The signatories of the letter have two key issues with Google. Firstly the nature of its plans to address GDPR, and secondly the way in which it has left it so late to issue its guidelines.
“As the major provider of digital advertising services to publishers, we find it especially troubling that you would wait until the last-minute before the GDPR comes into force to announce these terms” the letter states. “As publishers have now little time to assess the legality or fairness of your proposal and how best to consider its impact on their own GDPR compliance plans which have been underway for a long time.”
As reported by Reuters & Ad Age, we sent a letter to Google calling out the shortcomings of their proposed solution for complying with the GDPR and why it is problematic for publishers. Our letter: https://t.co/mucexKn1AO
— Digital Content Next (@DCNorg) April 30, 2018
Consent is key
The key issue angering companies is that the Google framework implies that publishers across the globe are responsible for getting consent from their EU visitors if Google ads are served on their sites. Also that Google will be a controller of the personal data it receives from publishers and collects on publisher pages, and that Google will make unilateral decisions about how a publisher’s data is used.
“Your proposal notes that Google intends to rely on consent for its legal basis and you will require publishers to obtain legally valid consent on behalf of Google for its processing of personal data as a separate and independent controller which you directly benefit from,” states the letter.
“Yet you decide how and when that data may be made available to others and do not provide any details about how the data will be used by Google. By imposing your own standard for regulatory compliance Google effectively prevents publishers from being able to choose which partners to work with.”
Ultimately the letter’s signatories believe that what Google is proposing is not within the spirit of GDPR – a set of relegations, its champions claim, that was designed to protect users’ data and create openness.

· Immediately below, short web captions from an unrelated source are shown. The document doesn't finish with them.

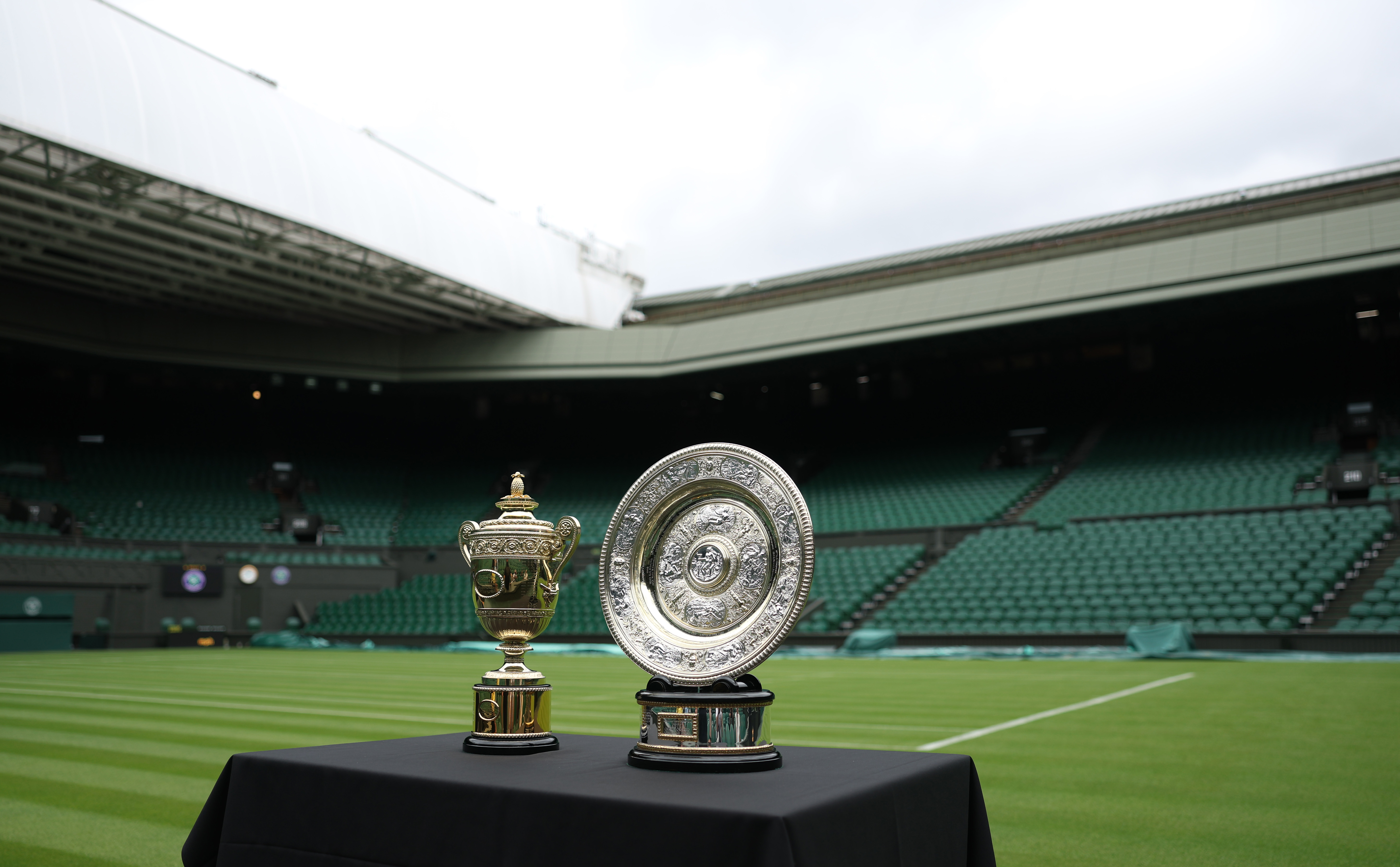 A general view of the Gentlemen’s Singles Trophy, The Cup and Ladies’ Singles Trophy, the The Venus Rosewater Dish, prior to The Championships Wimbledon 2025 at All England Lawn Tennis and Croquet Club on June 28, 2025, in London, England.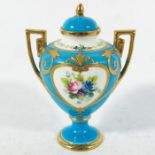 A small Minton twin handled vase and cover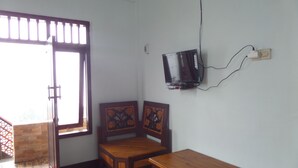 A room with a wooden table, two wooden chairs, a television mounted on the wall, and a window with blinds. - Losmen Adas (Ngadisari)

By finishing the letter with a series of questions and clarifications they are pushing the ball back in Google’s court while at the same time, encouraging the guardians of GDPR to offer further guidelines on who ultimately is responsible for the data on the sites.

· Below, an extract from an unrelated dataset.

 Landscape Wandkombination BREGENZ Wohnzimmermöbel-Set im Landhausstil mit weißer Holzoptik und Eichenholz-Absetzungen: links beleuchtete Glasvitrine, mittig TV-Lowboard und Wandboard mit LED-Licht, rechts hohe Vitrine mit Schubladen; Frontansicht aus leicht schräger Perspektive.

Google has responded by saying “Guidance about the GDPR is that consent is required for personalised advertising. We have always asked publishers to get consent for the use of our ad tech on their sites, and now we’re simply updating that requirement in line with the GDPR. Because we make decisions on data processing to help publishers optimise ad revenue, we will operate as a controller across our publisher products in line with GDPR requirements, but this designation does not give us any additional rights to their data.”
With the deadline approaching there is a possibility that publishers might be given a period of grace to resolve existing GDPR related issues. And this might include negotiations with Google to find a compromise. It would be a concession from the EU that publishers would welcome.

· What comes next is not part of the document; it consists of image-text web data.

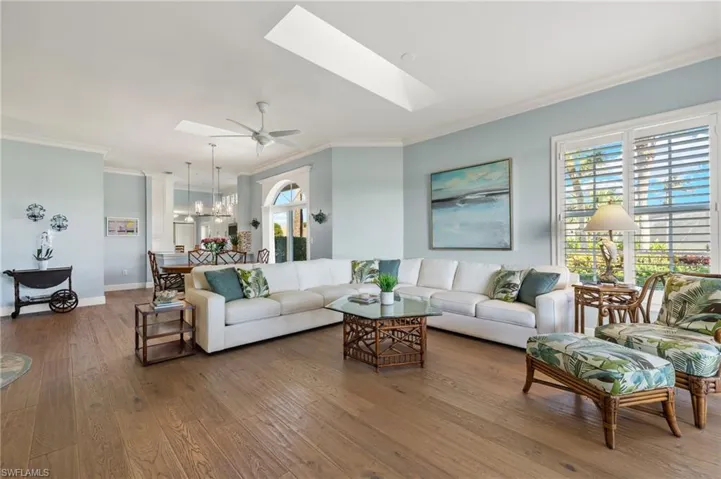 Living room featuring hardwood / wood-style flooring, plenty of natural light, and a skylight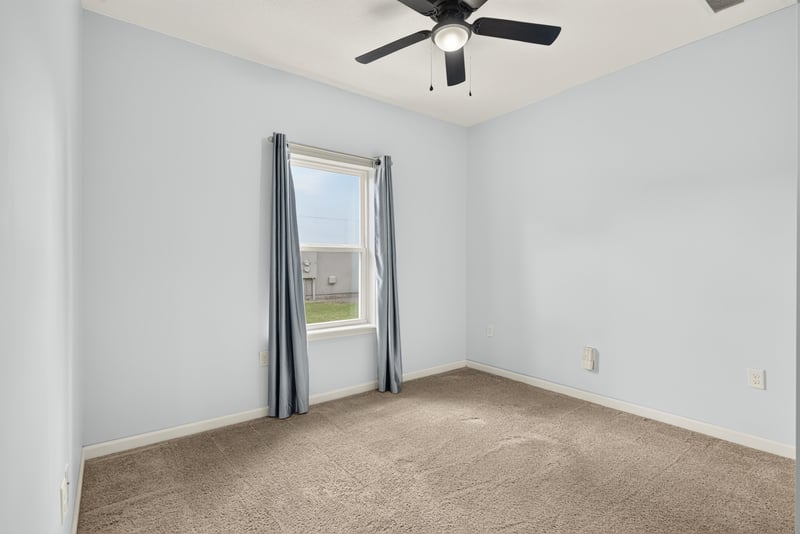 Carpeted room with curtained window at 2378 Caney Oaks Dr, Jacksonville, FL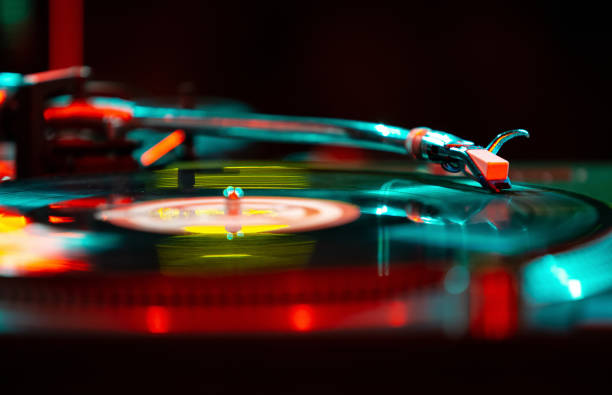 istock Dj turntable on stage. Turntables needle playing music in nightclub 1785427761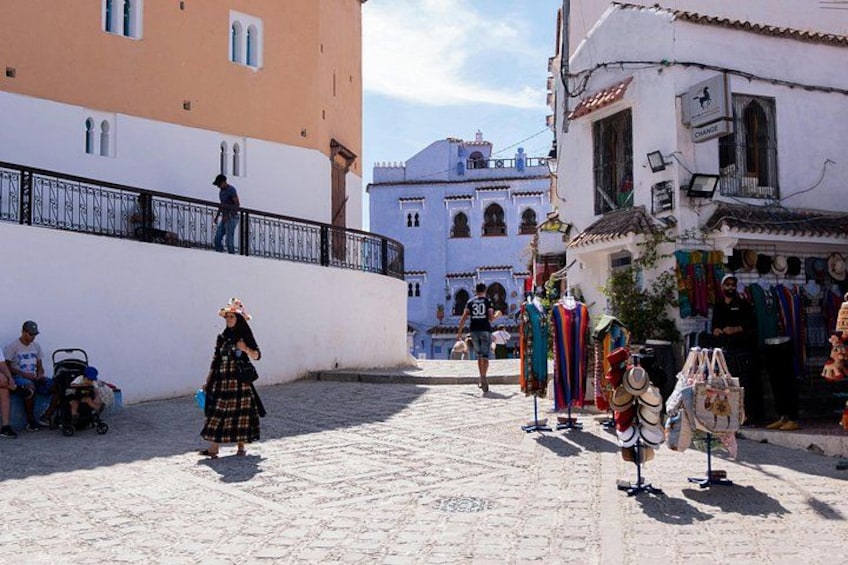 A cobblestone street with buildings, a woman in traditional dress, and a man on a balcony. 4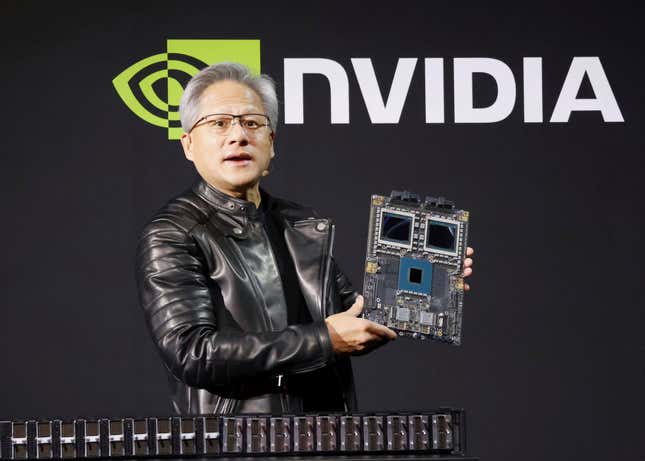 Jensen Huang wearing a black leather jacket holding up a chip board in front of a black backdrop with the Nvidia logo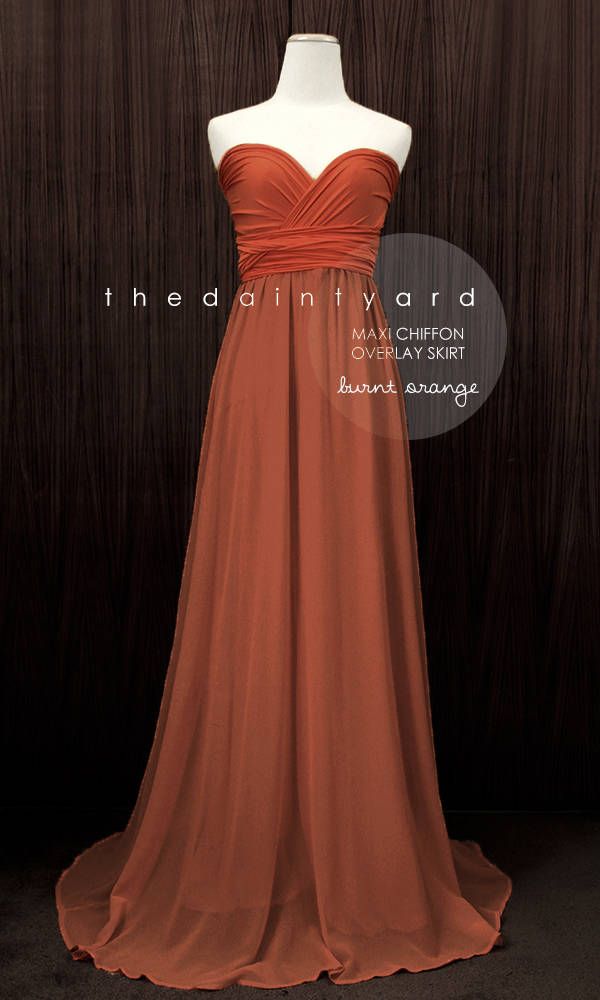 an orange dress is on display in front of a wooden background with the words, the daily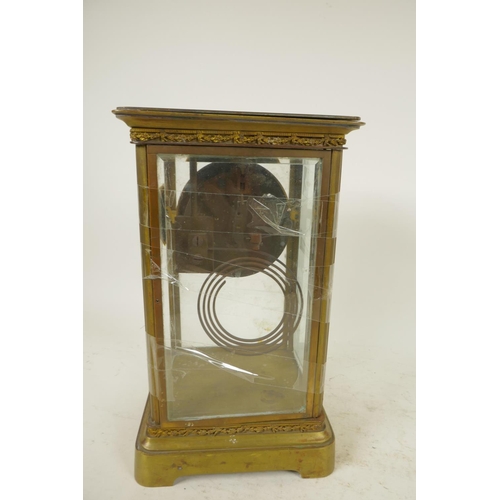 669 - An American brass cased four glass mantel clock with twin train movement striking on a gong, white e... 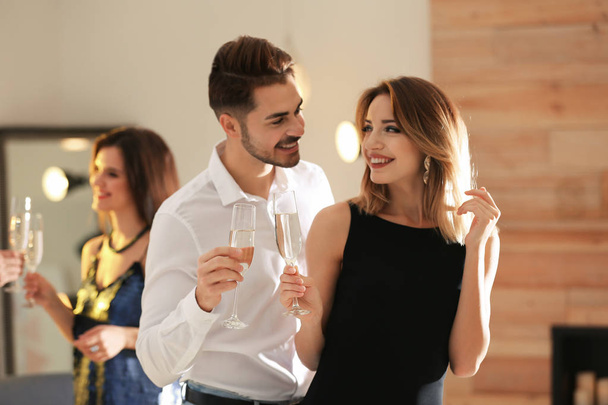 Happy couple with champagne in glasses having party indoors - Foto, Bild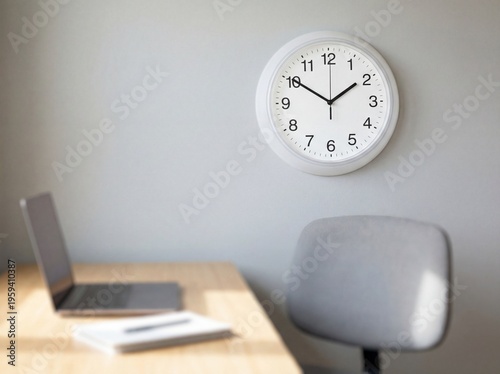 Modern office workspace with clock, laptop, and chair on wooden desk in minimalist gray room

The second worrying development for publishers is the news shared with the IAB Europe GDPR Transparency and Consent steering committee that Google’s own consent gathering tool Funding Voices, which is currently in beta, restricts the number of partners a publisher can share content with to just 12 vendors.
This includes Google itself, SSPs, exchanges, ad servers, DSPs, DMPs, plug-ins, tracking and measurement tags and third-party data suppliers.
As an article in Adexchanger points out “twelve may sound like plenty of vendors, but the policy would severely restrict the partner ecosystem if it were widely adopted by DFP customers. Time Inc., Business Insider and ESPN, for instance, respectively have 153, 68 and 22 homepage partner tags, according to Ghostery data.”
Publishers have two obvious options. To adopt the consent tool and potentially sacrifice advertising revenue, or to use a different tool. Axel Springer (a FIPP member), for example, has its own consent tool and is apparently considering making it available to other publishers.
Larger publishers are likely to create their own tools, but small to medium sized publishers, who lack the technical or financial resources to develop a tool, may have no other choice but to adopt Funding Choices in the short least.
The next few weeks are likely to witness a lot of strong words, but compromises could be on the cards too.